Review: USA's 'Suits' a flat legal drama
USA has established an odd little tradition in recent years where most of its new series debut with extra-long episodes. On the one hand, I understand that a channel whose motto is "Characters Welcome" would want to give its new shows bonus time to establish those characters from the outset. But on the other, USA shows are designed to be light, easy-to-digest fare - even when they're not airing in the summer, they feel like they should be - and these super-sized opening portions usually feel a bit too leaden for that.
Rarely, though, have I had as hard a time getting through an inflated USA pilot than I did through all 73 minutes (90 minutes when you factor in commercials) of "Suits," the new legal drama that debuts Thursday at 10 p.m. after "Burn Notice."
It's not that "Suits" is terrible, or even bad. When you have a factory approach like USA has, there's going to be a baseline level of competency for each new bit of product that comes off the assembly line. "Fairly Legal," USA's previous new series (also a legal show, and clearly an area the channel wants to mine) was also problematic, but at least it had Sarah Shahi doing light comedy.
The issue with "Suits" is that it feels much, much too flimsy to hold up over 73 minutes, and even the standard-length second episode felt about 10 minutes too long. Again, it's an excuse for attractive people dressed in nice outfits to banter, and that's swell to a point, but eventually a man wants a bit more. (And the better USA shows, like "Burn Notice" and "White Collar," provide that when they're at their strongest.)
The premise itself, and the show's universe, both feel awfully thin. We're introduced to attorney Harvey Specter (the professionally handsome Gabriel Macht), a killer shark with a killer wardrobe, whom boss Jessica (Gina Torres) repeatedly introduces as "the best closer in New York." (All due respect to Mariano Rivera, apparently.) Jessica and other characters, in fact, talk so much about how brilliant Harvey is at closing deals that it either feels like padding in a long pilot or, more likely, creator Aaron Korsh hedging his bets, just in case he didn't do a good enough job of actually showing Harvey's genius - which he hasn't quite. We see him close an impossible deal early on, but in a way that blows up in his face later, and he spends most of the two episodes I've seen putting out fires of his own creation.
Most of those fires arise from his impulsive decision to hire Mike Ross (Patrick J. Adams) - a college dropout with a photographic memory who once passed the New York state bar on a dare - as his new associate, trying to pass him off as a Harvard Law grad. It's the whole point of the series - the golden boy giving the scrappy kid from the streets a chance, and the scrappy kid in turn giving the golden boy a heart - and yet the show never really sells us on Harvey's reasons for taking such a big risk. He's presented as too selfish and impatient to attach himself to someone who could both torpedo his own career and who has to have his hand constantly held on matters that an actual Harvard Law alum would know.
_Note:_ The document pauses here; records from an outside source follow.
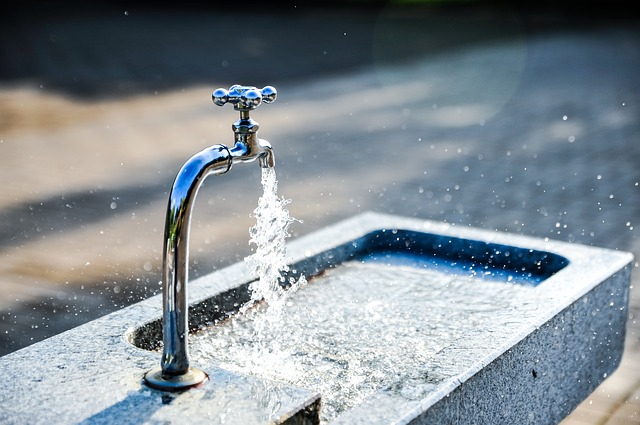 El lema del Día Mundial del Agua de este año es 'La respuesta está en la naturaleza".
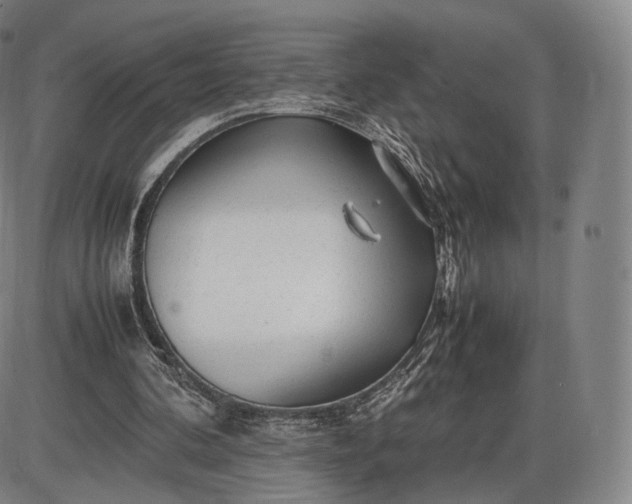 X0000085830292200703301626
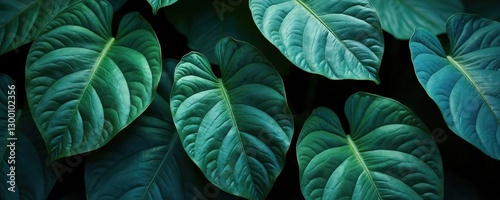 Wallpaper Mural Dark green tropical anthurium leaves. Abstract nature backdrop. Anthurium leaf close-up shows plant structure, veins. Great background, wallpaper, eco, botanical themes. Use for organic cosmetics Torontodigital.ca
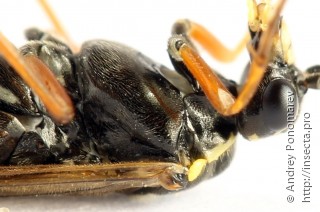 Tenthredopsis ornata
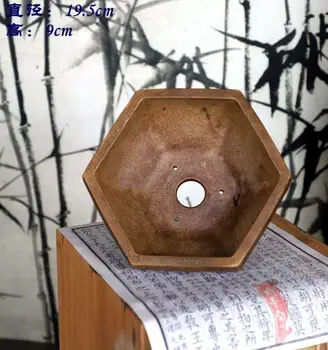 10 best sales עציץ בונסאי גדול - №5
So Mike constantly gets both himself and Harry into trouble due to his ignorance of basic legal practicalities, and Harvey in turn seems much dumber than the show wants him to seem. (For that matter, Mike's beautiful mind seems to take a significant beating between the pilot and the second episode.) And every five minutes, Harvey is either threatening to fire Mike for endangering his standing in the firm or Mike is threatening to quit because Harvey's too mean and unfair.
Again, if the pilot were shorter, those beats might not feel as played-out by the time we get to the second episode and do it all over again, but there are still fundamental story and logic problems that shouldn't have even flown on a turn-off-your-brain kind of network like USA.
(It would also help if this top New York firm didn't feel so underpopulated. There are lots of extras floating around, but the only ones who ever speak or do anything are Harvey, Mike, to a much lesser extent Jessica, Rick Hoffman as a sleazy rival partner and Meghan Markle as a paralegal who's constantly filling in the gaps in Mike's practical knowledge. Most USA shows have casts this small, or smaller, but they tend to be about outsiders, where "Suits" is trying to be about an insider and an outsider who team up inside this big institution.)
Still, there are isolated moments where the show comes close to clicking. We get to see both Harvey's charm and courtroom savvy in an amusingly deadpan scene where he outlines his argument in a sexual harassment case by posing a hypothetical about the middle-aged male judge seducing his middle-aged male bailiff. And even if I don't buy Harvey hiring Mike, the scene where they meet and Mike shows off his smarts is snappy and fun. (The two characters are kept weirdly separate for much of the pilot and the second episode, when the interplay between Macht and Adams is by far the show's best asset.)
But the pilot episode definitely would have benefited from a less-is-more approach, while the series as a whole could use a little more meat and/or logic.